Propensity Score-Matched Analysis to Identify Pathways Associated with Loss of Sodium Iodide Symporter in Papillary Thyroid Cancer
Abstract
Sodium iodide symporter (NIS) expression in thyroid follicular cells plays an important role in normal physiology and radioactive iodine therapy for thyroid cancer. Loss of NIS expression is often seen in thyroid cancers and may lead to radioiodine refractoriness. To explore novel mechanisms of NIS repression beyond oncogenic drivers, clinical and RNA-seq data from the thyroid cancer dataset of The Cancer Genome Atlas were analyzed. Propensity score matching was used to control for various genetic background factors. We found that tumoral NIS expression was negatively correlated with tumor size. Additionally, low NIS expression was the only factor associated with recurrence-free survival in a Cox multivariate regression analysis. After matching for clinicopathologic profiles and driver mutations, the principal component analysis revealed distinct gene expressions between the high and low NIS groups. Gene set enrichment analysis suggested the downregulation of hedgehog signaling, immune networks, and cell adhesions. Positively enriched pathways included DNA replication, nucleotide excision repair, MYC, and Wnt/β-catenin pathways. In summary, we identified several potential targets which could be exploited to rescue the loss of NIS expression and develop redifferentiation strategies to facilitate radioactive iodine therapy for thyroid cancer.
Article type: Research Article
Keywords: sodium iodide symporter, thyroid cancer, propensity score matching, gene set enrichment analysis
Affiliations: Department of Surgery, MacKay Memorial Hospital, Mackay Medical College, Taipei 104215, Taiwan; leefang.4828@mmh.org.tw (F.L.); kiwikuo.4289@mmh.org.tw (C.-Y.K.); cst@mmh.org.tw (C.-H.T.); Institute of Biomedical Sciences, Mackay Medical College, New Taipei City 252005, Taiwan; Department of Pharmacology, School of Medicine, College of Medicine, Taipei Medical University, Taipei 110301, Taiwan
License: © 2022 by the authors. CC BY 4.0 Licensee MDPI, Basel, Switzerland.
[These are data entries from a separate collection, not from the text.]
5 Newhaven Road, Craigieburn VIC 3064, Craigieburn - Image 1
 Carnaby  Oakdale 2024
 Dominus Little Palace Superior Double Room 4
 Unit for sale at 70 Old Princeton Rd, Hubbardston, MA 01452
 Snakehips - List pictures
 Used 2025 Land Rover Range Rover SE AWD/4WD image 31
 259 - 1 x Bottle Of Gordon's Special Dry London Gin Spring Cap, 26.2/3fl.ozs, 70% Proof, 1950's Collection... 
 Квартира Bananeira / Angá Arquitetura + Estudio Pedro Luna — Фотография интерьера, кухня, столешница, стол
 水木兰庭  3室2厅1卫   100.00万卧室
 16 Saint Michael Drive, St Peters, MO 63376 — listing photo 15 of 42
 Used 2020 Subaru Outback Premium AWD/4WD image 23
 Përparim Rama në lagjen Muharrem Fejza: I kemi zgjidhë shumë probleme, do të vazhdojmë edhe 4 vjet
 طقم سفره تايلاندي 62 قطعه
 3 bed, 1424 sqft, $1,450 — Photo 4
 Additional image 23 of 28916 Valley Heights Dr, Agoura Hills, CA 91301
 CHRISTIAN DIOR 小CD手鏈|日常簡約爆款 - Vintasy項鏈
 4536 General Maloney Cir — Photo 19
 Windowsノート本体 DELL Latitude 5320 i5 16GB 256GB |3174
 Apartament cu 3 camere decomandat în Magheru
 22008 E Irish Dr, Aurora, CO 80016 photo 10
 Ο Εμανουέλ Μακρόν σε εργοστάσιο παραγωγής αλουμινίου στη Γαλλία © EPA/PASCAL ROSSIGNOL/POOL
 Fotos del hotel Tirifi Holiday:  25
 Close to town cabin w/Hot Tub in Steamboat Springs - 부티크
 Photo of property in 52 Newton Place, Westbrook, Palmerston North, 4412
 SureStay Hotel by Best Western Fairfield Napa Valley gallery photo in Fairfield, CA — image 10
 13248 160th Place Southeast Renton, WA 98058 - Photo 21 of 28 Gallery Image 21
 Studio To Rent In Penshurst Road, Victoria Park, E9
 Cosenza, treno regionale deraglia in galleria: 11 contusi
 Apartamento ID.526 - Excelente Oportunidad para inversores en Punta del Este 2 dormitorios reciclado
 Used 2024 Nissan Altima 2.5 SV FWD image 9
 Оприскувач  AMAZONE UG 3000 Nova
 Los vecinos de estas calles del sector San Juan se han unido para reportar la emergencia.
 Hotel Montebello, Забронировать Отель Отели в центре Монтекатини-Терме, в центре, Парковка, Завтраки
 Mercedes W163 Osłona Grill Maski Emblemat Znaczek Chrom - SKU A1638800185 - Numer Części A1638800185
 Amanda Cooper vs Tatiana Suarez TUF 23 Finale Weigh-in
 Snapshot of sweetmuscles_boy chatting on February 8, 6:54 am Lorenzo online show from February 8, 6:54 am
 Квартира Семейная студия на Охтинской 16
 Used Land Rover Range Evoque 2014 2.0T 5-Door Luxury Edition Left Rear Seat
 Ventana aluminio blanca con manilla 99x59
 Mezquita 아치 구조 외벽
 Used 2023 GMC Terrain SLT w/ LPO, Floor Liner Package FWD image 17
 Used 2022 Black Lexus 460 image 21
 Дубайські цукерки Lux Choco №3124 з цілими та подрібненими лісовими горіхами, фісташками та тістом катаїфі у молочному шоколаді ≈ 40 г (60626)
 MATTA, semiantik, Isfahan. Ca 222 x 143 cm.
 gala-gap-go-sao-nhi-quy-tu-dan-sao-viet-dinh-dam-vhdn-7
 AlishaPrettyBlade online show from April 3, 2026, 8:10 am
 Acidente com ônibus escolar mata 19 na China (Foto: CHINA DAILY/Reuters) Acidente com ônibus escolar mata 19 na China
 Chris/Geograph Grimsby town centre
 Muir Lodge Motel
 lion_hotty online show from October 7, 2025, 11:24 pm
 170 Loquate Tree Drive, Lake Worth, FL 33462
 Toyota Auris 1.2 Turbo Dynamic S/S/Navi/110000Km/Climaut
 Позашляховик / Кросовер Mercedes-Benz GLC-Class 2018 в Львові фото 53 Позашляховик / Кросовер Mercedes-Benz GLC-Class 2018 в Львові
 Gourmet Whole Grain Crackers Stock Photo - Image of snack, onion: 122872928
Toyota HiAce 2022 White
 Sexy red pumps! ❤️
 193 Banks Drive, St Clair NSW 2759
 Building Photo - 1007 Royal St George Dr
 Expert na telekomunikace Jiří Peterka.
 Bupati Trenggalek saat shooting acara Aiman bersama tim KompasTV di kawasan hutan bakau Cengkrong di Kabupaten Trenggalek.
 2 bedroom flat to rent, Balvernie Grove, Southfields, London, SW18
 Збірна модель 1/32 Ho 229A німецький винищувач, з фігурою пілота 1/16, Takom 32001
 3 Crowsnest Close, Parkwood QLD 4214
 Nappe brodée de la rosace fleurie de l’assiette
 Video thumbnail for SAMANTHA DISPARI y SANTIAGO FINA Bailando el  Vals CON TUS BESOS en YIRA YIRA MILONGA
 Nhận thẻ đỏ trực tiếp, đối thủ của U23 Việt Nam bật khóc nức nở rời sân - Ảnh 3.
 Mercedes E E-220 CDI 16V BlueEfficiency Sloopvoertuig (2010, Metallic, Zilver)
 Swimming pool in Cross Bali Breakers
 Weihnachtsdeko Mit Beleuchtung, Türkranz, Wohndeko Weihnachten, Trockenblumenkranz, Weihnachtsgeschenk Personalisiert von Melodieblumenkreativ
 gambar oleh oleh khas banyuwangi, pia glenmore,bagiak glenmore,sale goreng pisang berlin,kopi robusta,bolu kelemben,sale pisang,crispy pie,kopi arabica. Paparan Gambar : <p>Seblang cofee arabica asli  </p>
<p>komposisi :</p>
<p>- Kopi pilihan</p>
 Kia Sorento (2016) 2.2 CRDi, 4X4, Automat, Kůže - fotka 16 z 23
This article is an open access article distributed under the terms and conditions of the Creative Commons Attribution (CC BY) license (https://creativecommons.org/licenses/by/4.0/).
Article links: DOI: 10.3390/cimb44040101 | PubMed: 35723359 | PMC: PMC9164071
Relevance: Moderate: mentioned 3+ times in text
Full text: PDF (1.2 MB)
1. Introduction
Sodium iodide symporter (NIS), encoded by the SLC5A5 gene on chromosome 19p13.11, is a transmembrane glycoprotein that mediates active transport of iodide from the bloodstream into thyroid follicular cells [ref. 1]. NIS-mediated radioactive iodine (RAI) uptake is the cornerstone of the diagnosis and treatment of thyroid cancer with RAI. For patients with differentiated thyroid cancer, RAI therapy is associated with a lower risk of all-cause and cancer-specific mortality [ref. 2]. When thyroid cancer becomes RAI-refractory, the 10-year survival rate of patients with thyroid cancer drops to less than 20%, and the life expectancy decreases to 3 to 5 years [ref. 3].
Impaired RAI uptake or accumulation accounts for the refractoriness of RAI therapy. This parallels the dedifferentiation process during tumor progression, with a decrease in, or loss of, NIS expression and/or targeting to the plasma membrane [ref. 4]. Several oncogenic pathways are associated with the loss of NIS expression [ref. 5]. The most well-known molecular link to NIS loss in thyroid cancer is the BRAF V600E mutation—the most common genetic alteration in papillary thyroid cancer [ref. 6]. A selective BRAF inhibitor, dabrafenib, has been shown to stimulate RAI uptake in clinical trials [ref. 7]. However, novel therapeutic targets are still urgently needed to tailor NIS redifferentiation and further improve patient outcomes.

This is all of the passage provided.